The woman said she always assumed Manweller would run for public office and wasn’t surprised that he eventually became a state lawmaker. In fact, she said they’d had a long-running joke about how he would eventually pay her to keep the story of their relationship a secret.
“I’m waiting until you run for president and then you’re gonna pay me to not tell that story,” she said she would tell him. “Yeah, I joked with him about that quite a bit.”
Most recently, she said, she contacted Manweller after the Northwest News Network called her husband in an attempt to find her last December. She said she wanted to know why reporters were trying to contact her.

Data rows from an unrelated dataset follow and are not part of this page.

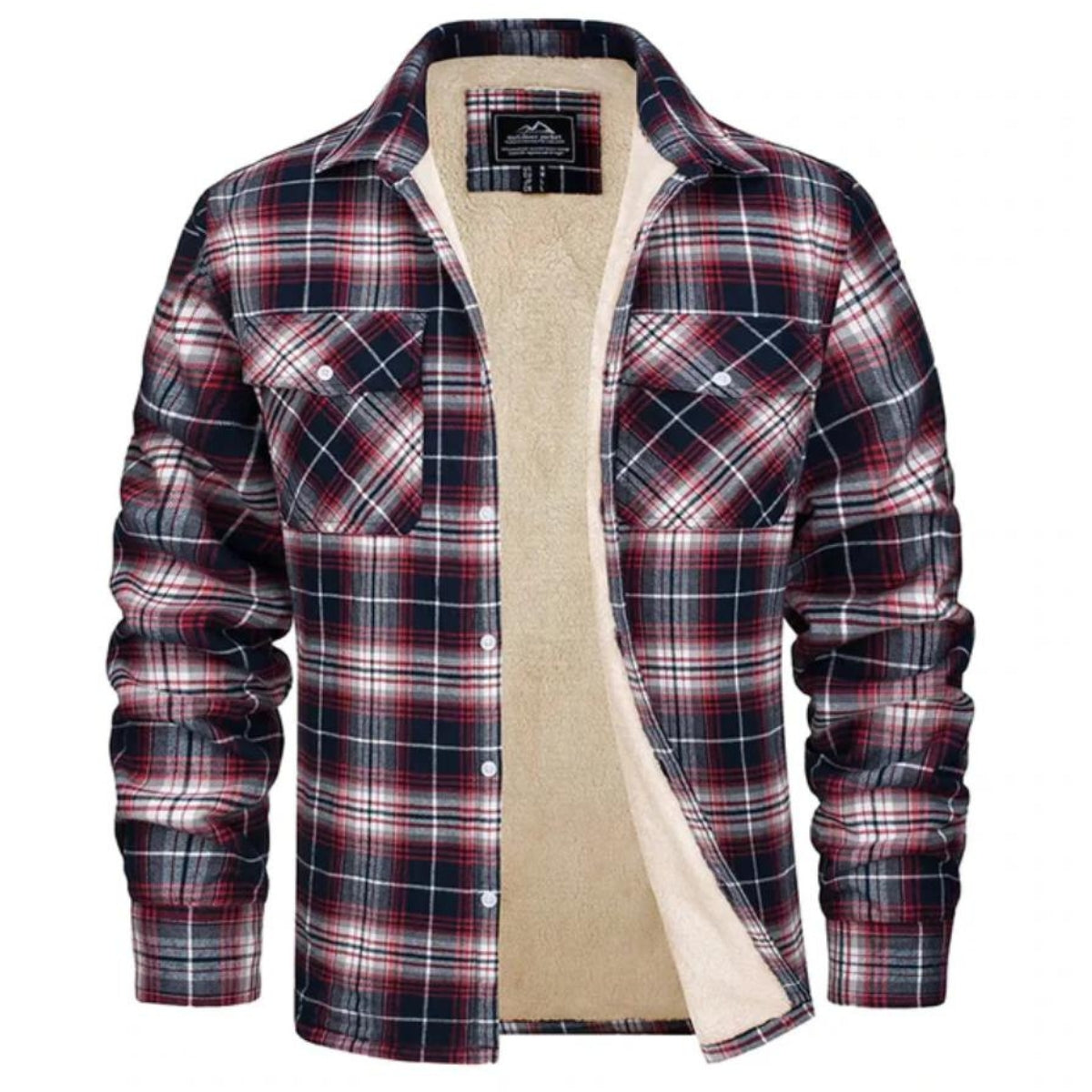 Men's Checked Jacket with Soft Plush Lining and Sturdy Button Closure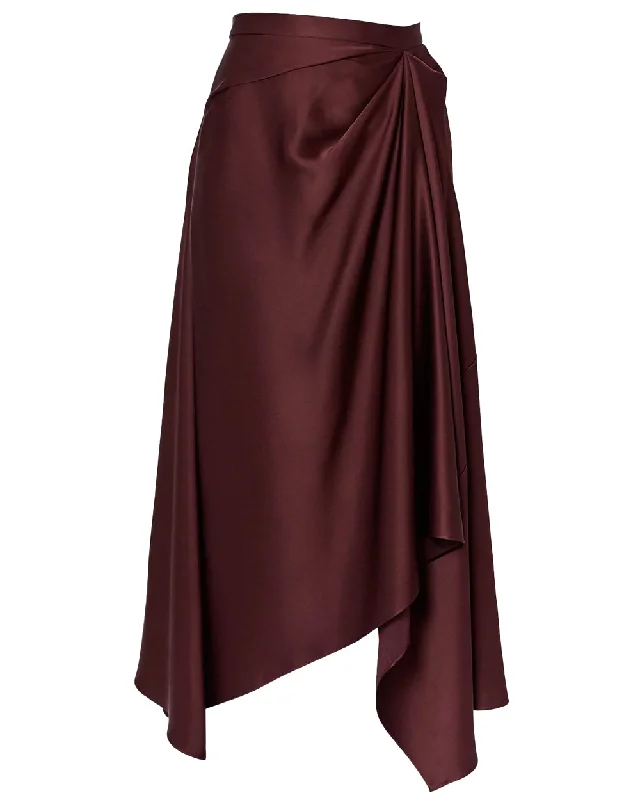 Elderberry Asymmetrical Drape Skirt flowy skirt hem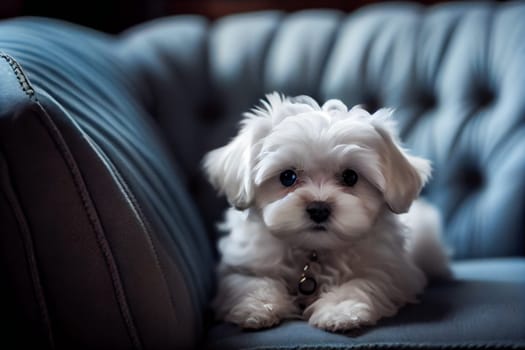Cute Maltese Dog Enjoying Time on Comfortable Sofa. Generative AI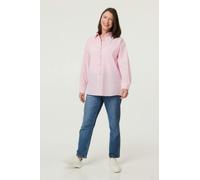 Izabel London Women's Striped Long Sleeve Button Front Shirt in Pink | Size: 12 Izabel London Pink 12
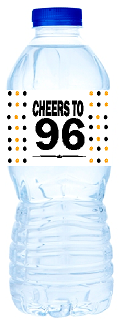 96th Birthday - Anniversary Party Decoration Water Bottle Labels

She said Manweller kept checking back after that to see if any other reporters had tried to reach her. She said she told him at the time she had no intention of telling her story.
“It’s been ingrained in me for so long that this is our secret,” she said.
But the woman said that she hopes telling her story now will support the credibility of anyone who feels they've been the subject of inappropriate behavior. The process hasn't been easy, she said. She said she wouldn't be doing it otherwise.
“He knew better, he was older,” she said. “In a weird sort of a way, it’s been very healing to let go of a lot of baggage I didn’t realize I was carrying.”